Transition metal-mediated catalytic properties of gold nanoclusters in aerobic alcohol oxidation

Heteroatom dopants can greatly modify the electronic and physical properties and catalytic performance of gold nanoclusters. In this study, we investigate the catalytic activity of [Au 25− x (PET) 18− x M]NH 3 (PET = 2-phenylethanethiolate, and M = Cu, Co, Ni, and Zn) nanoclusters in aerobic alcohol oxidation. The [Au 25− x (PET) 18− x M]NH 3 nanoclusters are thoroughly characterized by matrix assisted laser desorption ionization (MALDI) mass spectrometry, X-ray photoelectron spectroscopy (XPS), Fourier transform infrared spectroscopy (FT-IR), and inductively coupled plasma–mass spectrometry (ICP-MS).
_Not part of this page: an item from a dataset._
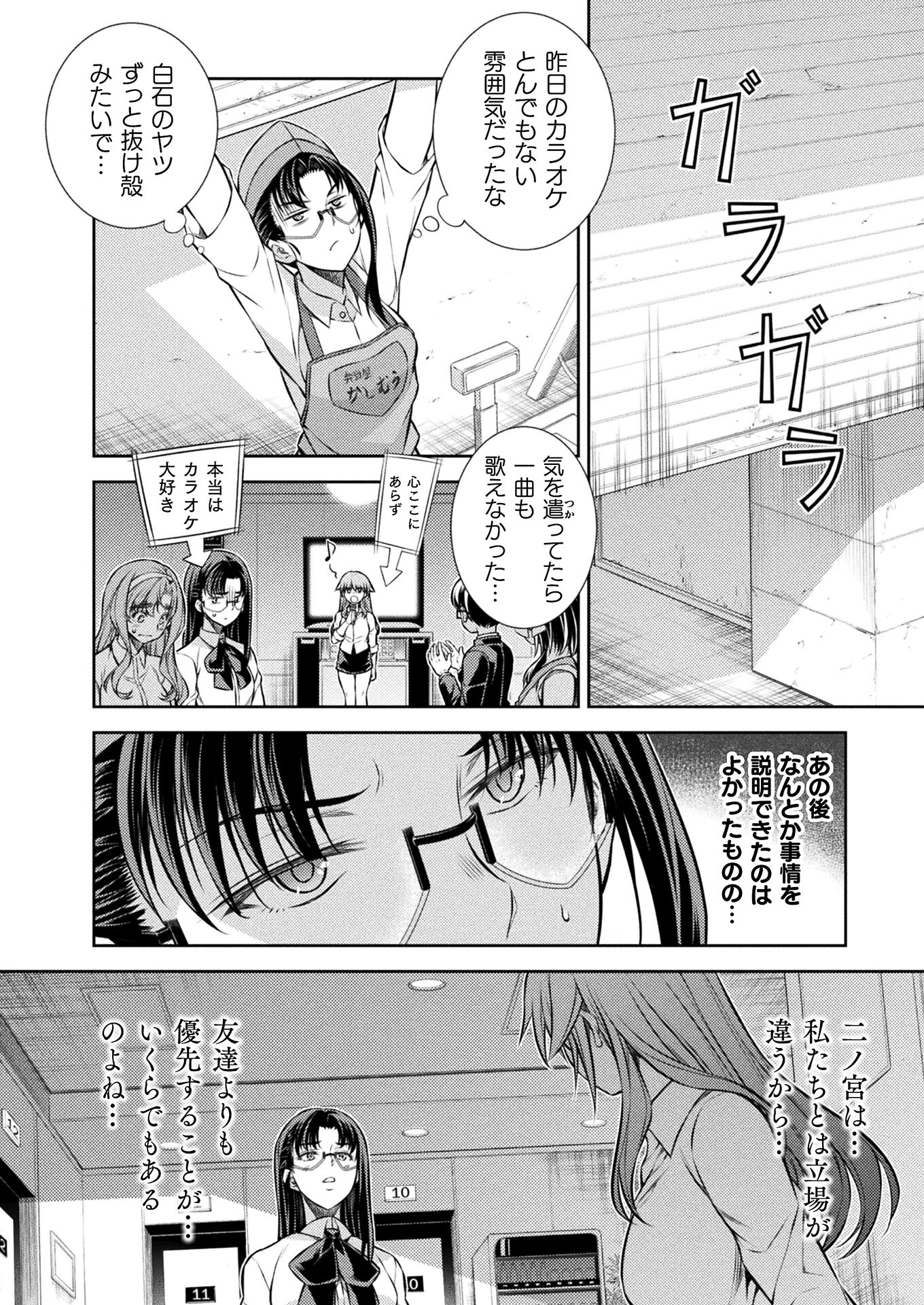 JKからやり直すシルバープラン 第22話 - Page 14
The XPS analyses suggest that the transition metals strongly interact with the gold atoms of the nanoclusters. The CeO 2 -supported nanoclusters show catalytic activity, based on the conversion of benzyl alcohol, in the order, [Au 25− x (PET) 18− x Ni] > [Au 25− x (PET) 18− x Cu] > [Au 25− x (PET) 18− x Zn] > [Au 25− x (PET) 18− x Co]. Regarding product selectivity, the [Au 25− x (PET) 18− x Zn] and [Au 25− x (PET) 18− x Co] catalysts preferably yield benzaldehyde, [Au 25− x (PET) 18− x Cu] yields benzaldehyde and benzyl acid, and [Au 25− x (PET) 18− x Ni] yields benzyl acid. The exposed metal atoms are considered as the catalytic active sites. Also, the catalytic performance (including activity and selectivity) of the [Au 25− x (PET) 18− x M] catalysts is greatly turned and mediated by the transition metal type.